If it was true that sighted and blind listening results were completely uncorrelated (this is, again, not true), then blind listening would be useless for evaluating speakers that one intends to listen to sighted. It would mean that a speaker's visual appearance completely overwhelms its sonic qualities, and so you should choose speakers based entirely on which one looks nicest to you.

I completely accept that sighted listening is less reliable than blind listening. But it is not completely unreliable. If it was, no one could tell the difference between a fully functioning Revel Salon 2 and a dummy version (visually identical) that was in front of a Sonos Era 100 that was actually producing the sound.

I am not trying to say that it is uncorrelated, I have similar experiences as @MattHooper and Erin that what I experience with a speaker often seem to correlate well with what is actually happening.

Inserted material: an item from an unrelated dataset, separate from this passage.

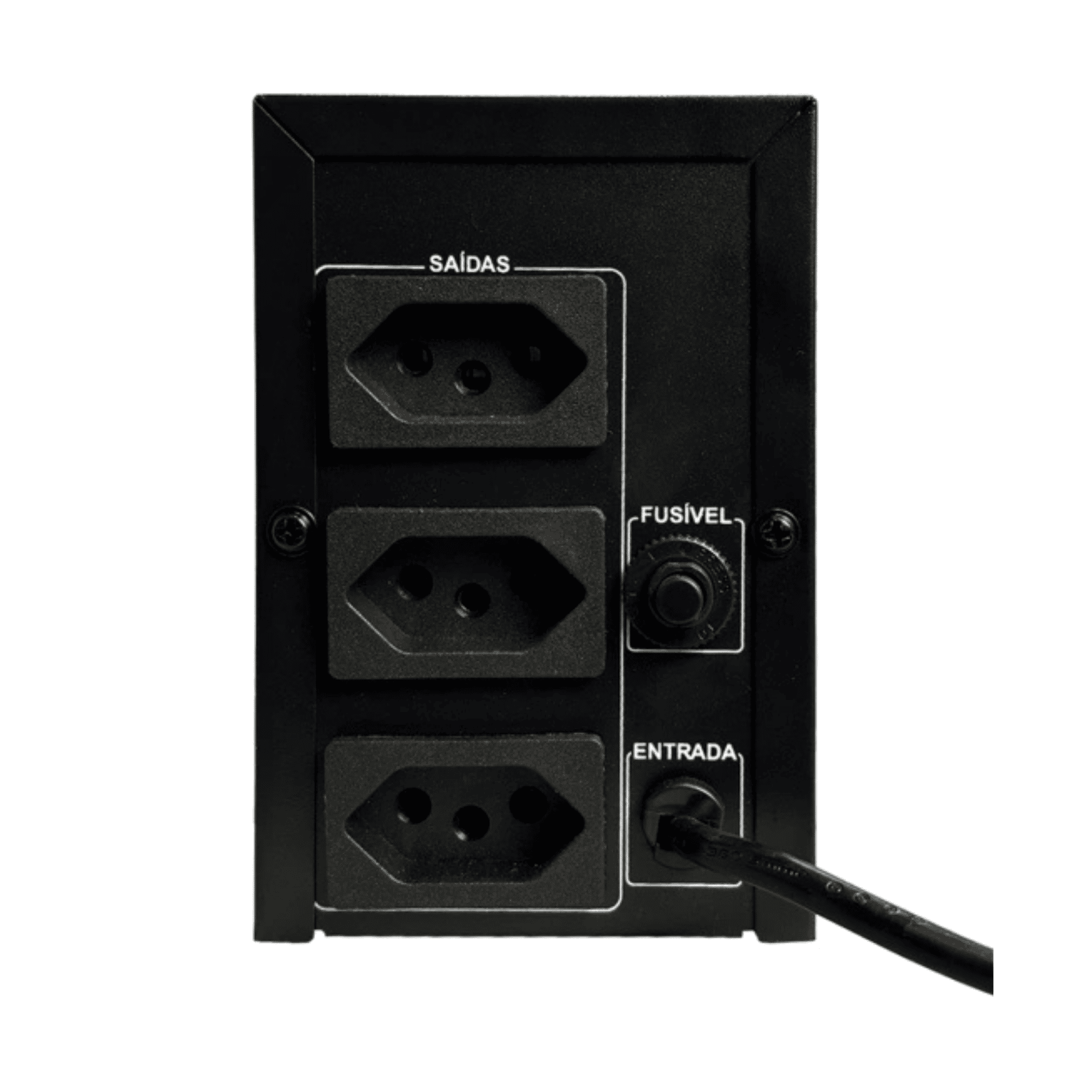 Nobreak 127V - Ack 1000VA - AGL 1303024 AGL - imagem 3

I do a lot of sighted listening of my own designs during development as well, walking back and forth between listening and measurements. When something feels off during listening, I try to find the source in the measurements, and most of the time if some frequency range feels off, lo and behold that's supported in the measurements. But that's of course a more analytical approach and situation then going to a store to listen to a pair of speakers after reading a review.

I've also experienced the opposite, that I do a change in the tuning, and afterwards I hear that yes, that really worked well. Then later I find out that I never loaded the change to the speaker. So.. Our ears certainly work, but they're overriden by the brain sometimes. :)
 
I've also experienced the opposite, that I do a change in the tuning, and afterwards I hear that yes, that really worked well. Then later I find out that I never loaded the change to the speaker. So.. Our ears certainly work, but they're overriden by the brain sometimes. :)
i had something like this happen whilst mixing, i was mixing and used an eq for bass and the muddiness went away

2 mins later i went and saw i had turned the mixing track off so everything was as is. Placebo is scary! At least I know i can get affected by it and dont think i have golden ears lol
 
For mysterious reasons, some here continue to believe (against all evidence and against all expert statements) that this is not the case, and that sighted listening is completely worthless.
You are misunderstanding or miss-characterising what people have stated.

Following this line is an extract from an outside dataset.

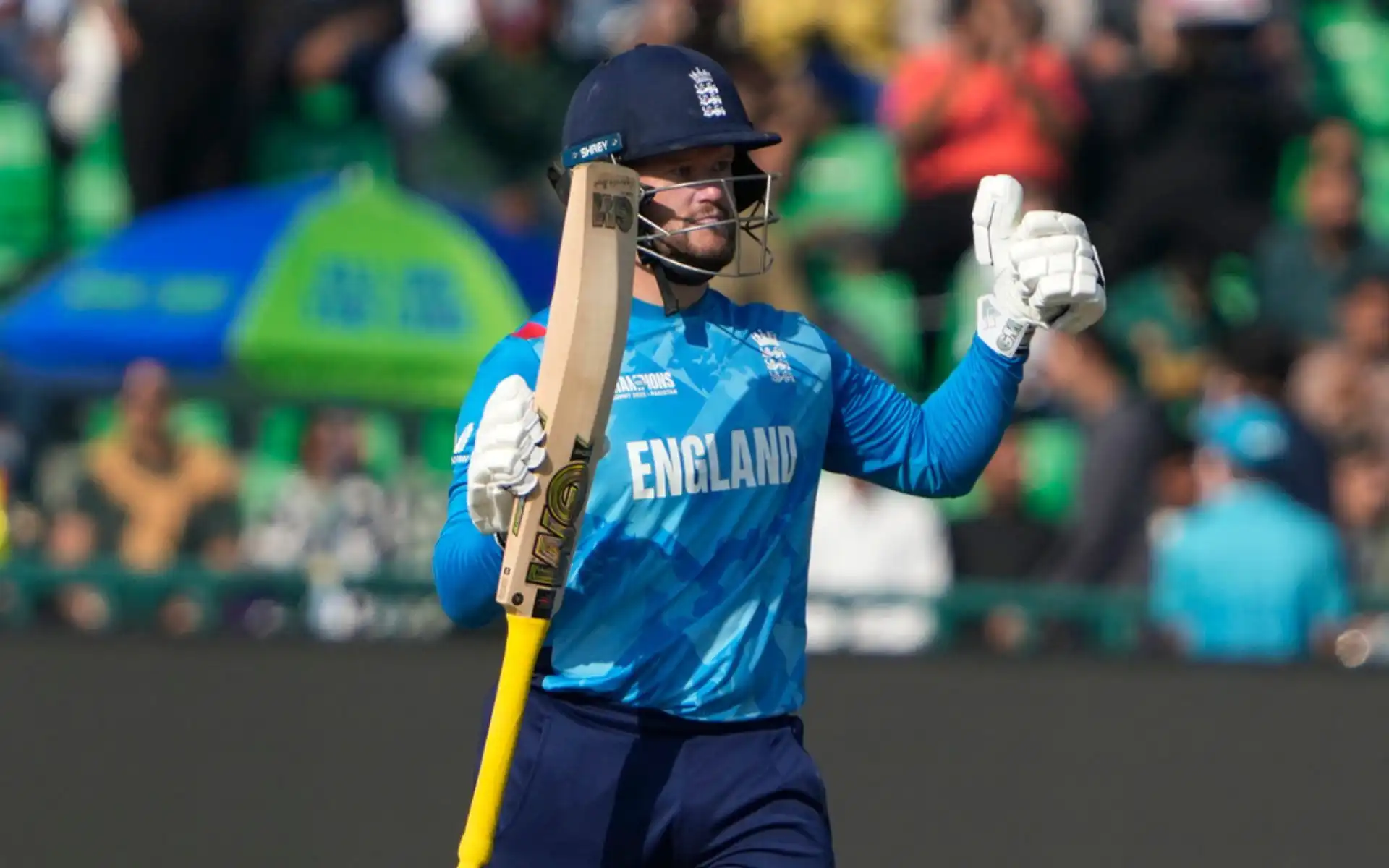 Ben Duckett in red-hot form [Source: AP]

If you take part in a blinded listening test using complex pop music via several speakers on which you have no financial or purchasing interest, then you are focused only on the sound in the the test lab.

If you have a sighted test using simple music of a speaker which you already own or are considering purchasing in a shop or at home, then you are not just influenced by the sound.

That does not mean you won't select the objectively better speaker, but it significantly reduces the odds of you getting the decision correct.